6 Mayıs 2012 Pazar

bahar geçmek üzereyken kendi içimde bir bahar temizliği yaptım ben de.


Git-gel’lerle (hayır, yanlış yazmadım. gel-git değil.) geçen son iki hafta içimde biriken sözcükleri dışarı vurma fırsatı bulamadım bir türlü. Defterimi ve lamy’mi minicik dolabımdan her çıkarttığımda gözüm saate takıldı. Kendimi uykumun geldiğine inandırıp, yastığımın altında defterim ve kalemimle uykuya daldım. Zihnime hücum eden düşünceleri, daha çok da duyguları ilk geldikleri gibi paylaşırsam tüm insanlara rest çekmiş olurum gibi hissettim tabii ara sıra. Önce kendi içimde bir şeyler yerli yerine oturmalıydı ve ben ondan sonra bir şey yazacaksam yazmalıydım.

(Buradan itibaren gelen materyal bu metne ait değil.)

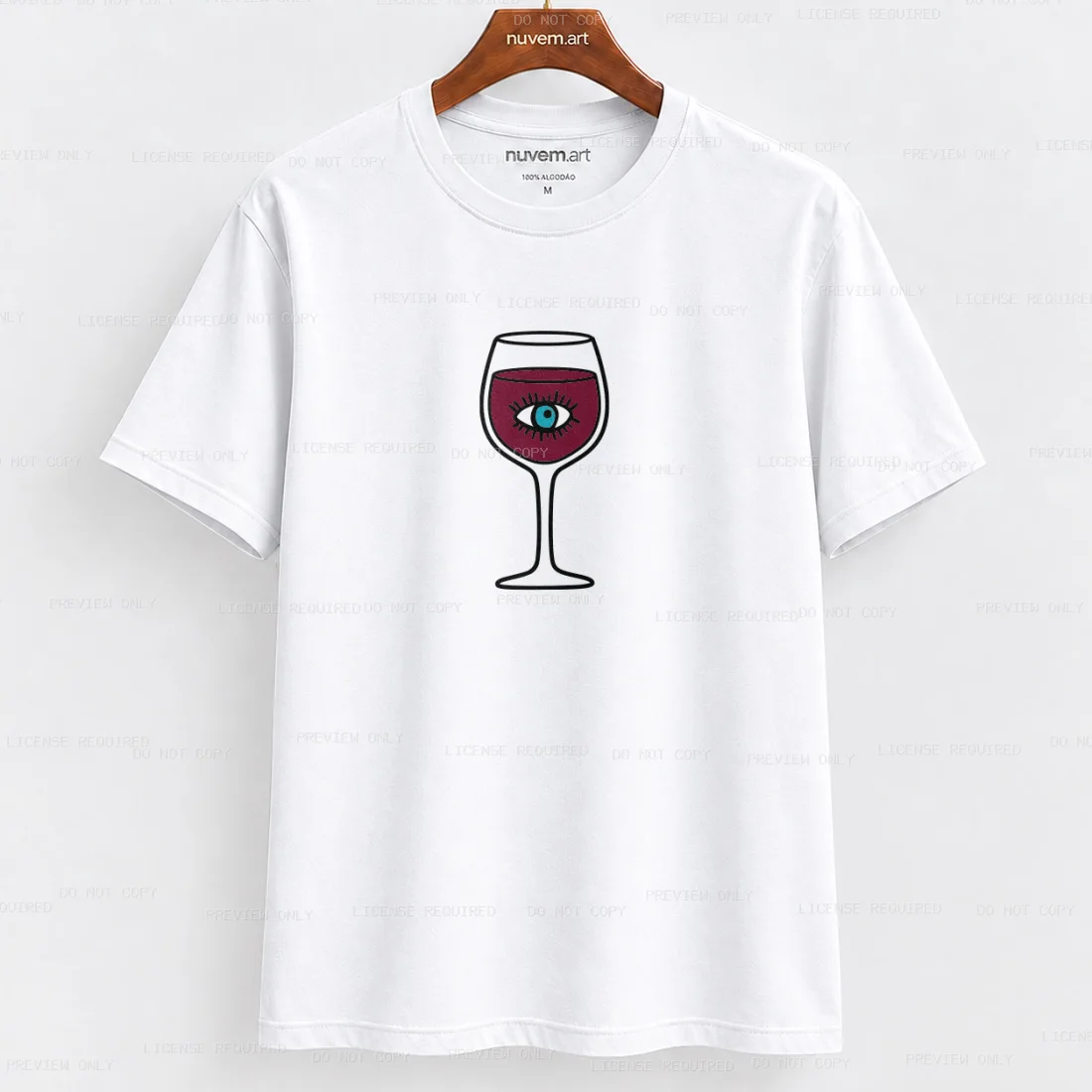 Estampa de Camiseta Termocolante Digital DTF Pronta Para Aplicar na Roupa Moda Feminina 2026 Premium | Vinho e Frase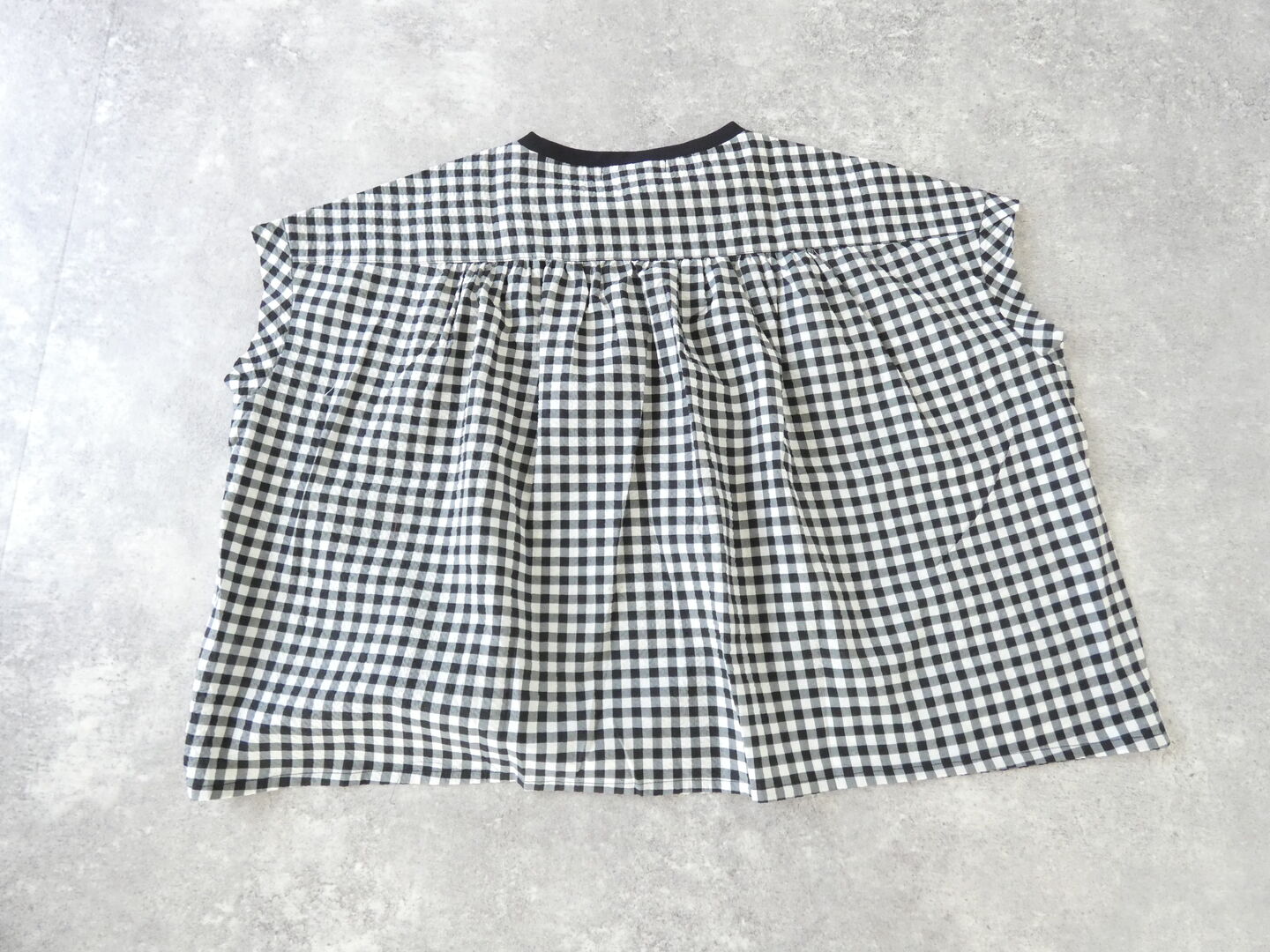 PAR ICI(パーリッシィ) ギンガムチェックバックギャザーTブラウスの商品画像57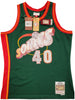Seattle Supersonics Shawn Kemp Autographed Green Authentic Mitchell & Ness Hardwood Classics Swingman Jersey NBA Top 75 Size L MCS Holo Stock #203426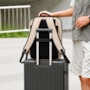 Mochila Business Double Bege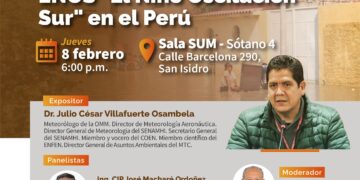 Mesa redonda: ENOS «El Niño Oscilación Sur» / Jueves 08 de febrero de 2024 – 6:00 p.m.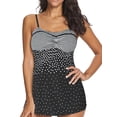 thumbnail image 4 of Mujer señoras Skydress con shorts de natación, tankini set dos piezas puntos traje de baño baño traje de baño Sexy Dance  Estilo, 4 of 4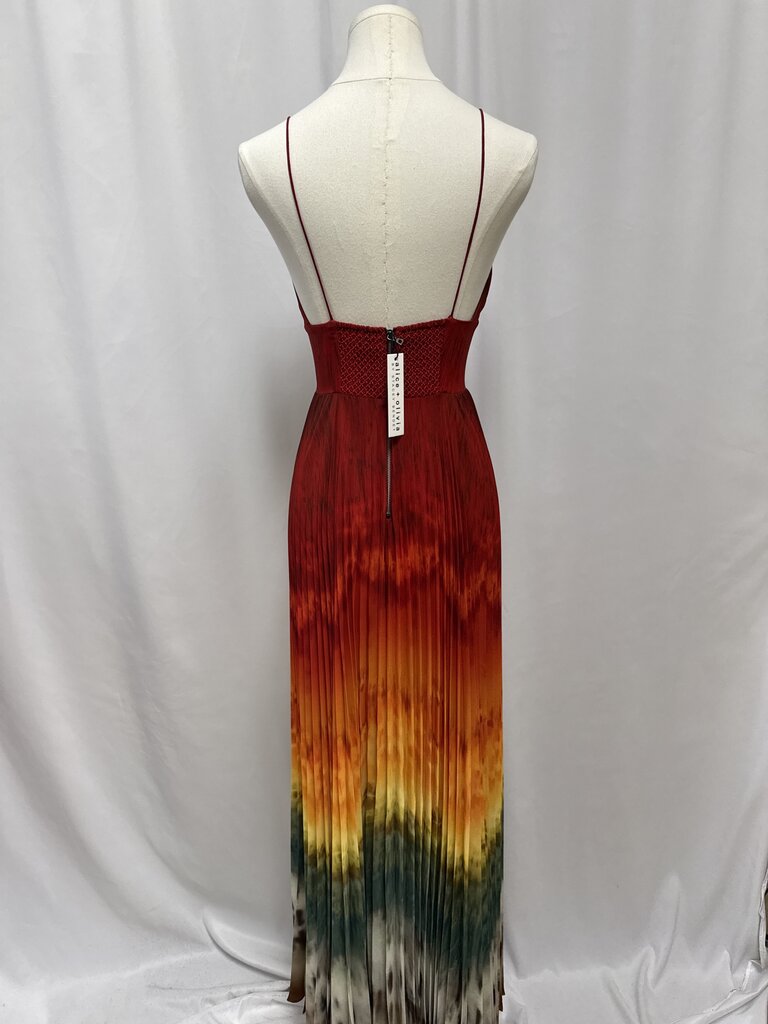 alice + olvia Red Ombre Maxi Dress NWT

Kasırgalarda ortaya çıkan hortumlar gibi hissettim kendimi bir ara. Kendimden uzaklaşmaya çalıştıkça o girdabın içine fütursuzca çekilen bir ben vardı yani sahnede. Evimdeydim, tatildeydim, canım nereyi isterse oraya gidebilme ve dilediğini yapabilme özgürlüğündeydim ama eksikti bu yaptıklarım. Sürekli kendi içimde sorular sorup cevaplar aradım. Cevaplardan yeni sorular türedi sonra. Onları cevaplamaya çalışırken kendimi ne kadar yıprattığımı göz ardı ettim. Ama neyse, git-tim gel-dim git-tim gel-dim ve şimdilik tekrar buradayım, şimdiki zamanın içinde, ne geçmiş düşlerinde ne gelecek planlarında sadece şimdi’de.

Bu süreçte en çok kafamı kurcalayan samimiyet ve değer kavramları oldu. Çok değer verdiği kişilerden aynı şekilde karşılık göremiyorsa insan kendisini değersiz hissetmesi normal midir? Bir hayatta karşındakini yok saymak ve/veya karşındaki tarafından yok sayılmak kadar insanı yıpratan bir şey var mıdır? Çevrenizdeki herkes gerçekten samimi mi yoksa samimiyet adı altında arkanızdan konuştuklarını duyduğunuzu bilmiyorlar mı? Arkasından tonlarca laf ettiğin insanın yüzüne bakıp sırıtmak bu kadar kolay mı ya da hayat, politik olup herkesle iyi(!) geçinenlerin var olduğu ikiyüzlü bir saçmalık mı?.. Ve daha fazla sorunun varlığıyla sürekli bunalım takıldığım günler birazcık da olsa geride kaldı. Düşünsem düşünürüm ama melankolinin benim tarzım olmadığını ve birkaç iyi söz duyunca ağlayacak kadar sinirlerimin bozuk olmasının bana hiç de iyi gelmediğini fark etmemle, zihnimde uçuşan tozları halının altına süpürmeye ve halının üstüne bastığımda bir şey hissetmediğim müddetçe de bu tozların varlığını yok saymaya karar verdim.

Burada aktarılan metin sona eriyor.